Quote Originally Posted by DebbieL View Post
I go all the way back to the 1950s. When I first came out to my mom at 5 years old, in 1960, she was terrified that if anyone found out they would give me electroshock or a lobotomy - that was the standard therapy for transsexuals back in those days.

The public image of Cross-dressers was Milton Berle - dressed as a very ugly woman, with a mostly Bass voice.

In 1969, you could still be arrested in most states just for appearing in public dressed as a woman. The Stonewall Riots started when Police tried to round up a bunch of drag queens and cross-dressers (hard to tell which was which back in those days).

In the 1960s and early 1970s, we saw cross-dressers on Monte Python, with falsetto voices, and bad make-up, but almost looking like matronly women.
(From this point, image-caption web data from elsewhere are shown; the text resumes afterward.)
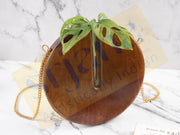 Elegant Wooden Round Hanging Planter with Glass Tube & Sling Chain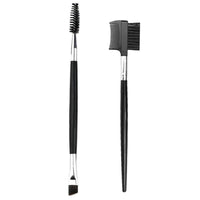 HKM-709715 Double-Headed Eyebrow Brush with Steel Tooth Comb and Nylon Bristles, 14cm Length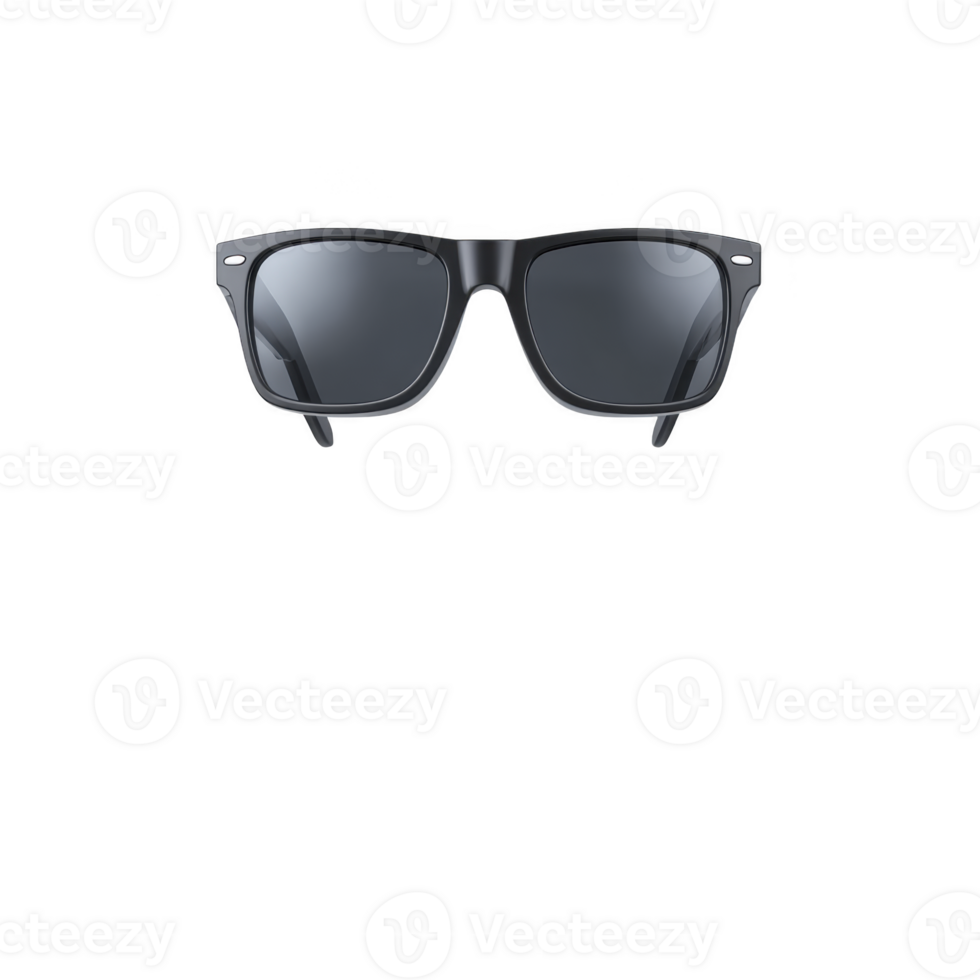 Pair of stylish black sunglasses with classic design, featuring dark lenses and sleek frame, perfect for sunny days and outdoor activities png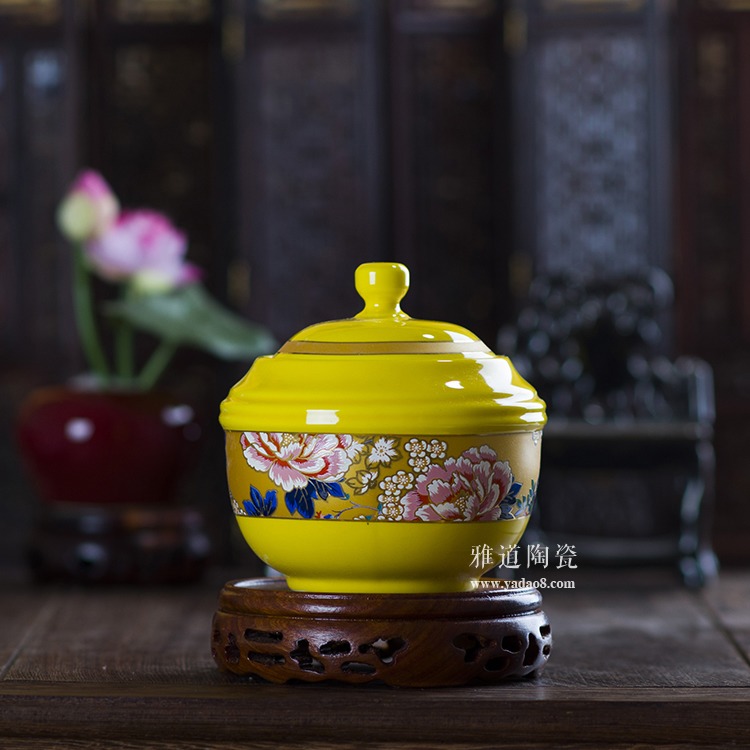 小号陶瓷密封茶叶罐-黄色款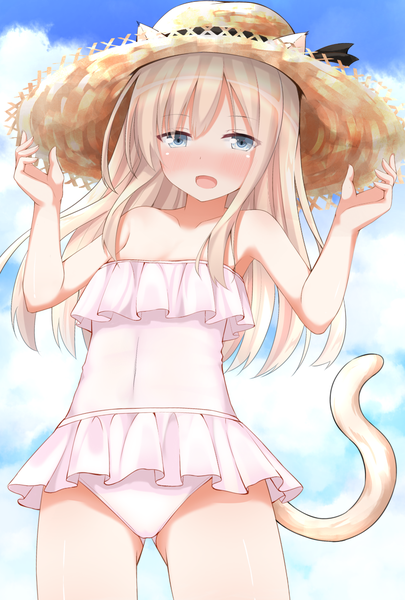 Anime picture 1378x2039 with kantai collection u-511 submarine go-1 single long hair tall image looking at viewer blush open mouth light erotic standing bare shoulders animal ears sky cloud (clouds) tail animal tail cat ears arms up from below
In 1979, we had Sulka, one of the first transsexuals to make movies as both a She-male and post-op. It was easy to see that things weren't quite right.

...

Compared to the costs of those radical and debilitating treatments, or the very high suicide rate, the cost of HRT and SRS is a bargain.

Hi DebbieL,

Thank you so much for your informative post. I urge others to read the full post, not just the part I have quoted. Treatment by HRT and SRS is a bargain for many people. For years, the American Psychiatric Association (APA) took the position that treating schizophrenia was the proper approach. According to them, if you could control the schizophrenia through drugs or other methods, then the cross-gender dressing would no longer be pursued. Transsexuals and other transgender persons strongly objected. All human beings have mixtures of feminine and masculine feelings. Genetic males/females that have strong feelings skewed toward the feminine/masculine side are a normal part of the gender variance among human beings. They don’t have an illness. They are part of the normal spectrum.

I applaud you and others who have made very important contributions on this issue. Harry Benjamin was a good man, who had good intentions; but the APA has recognized that transgender persons may know what they’re talking about, whereas WPATH still clings to the disease model.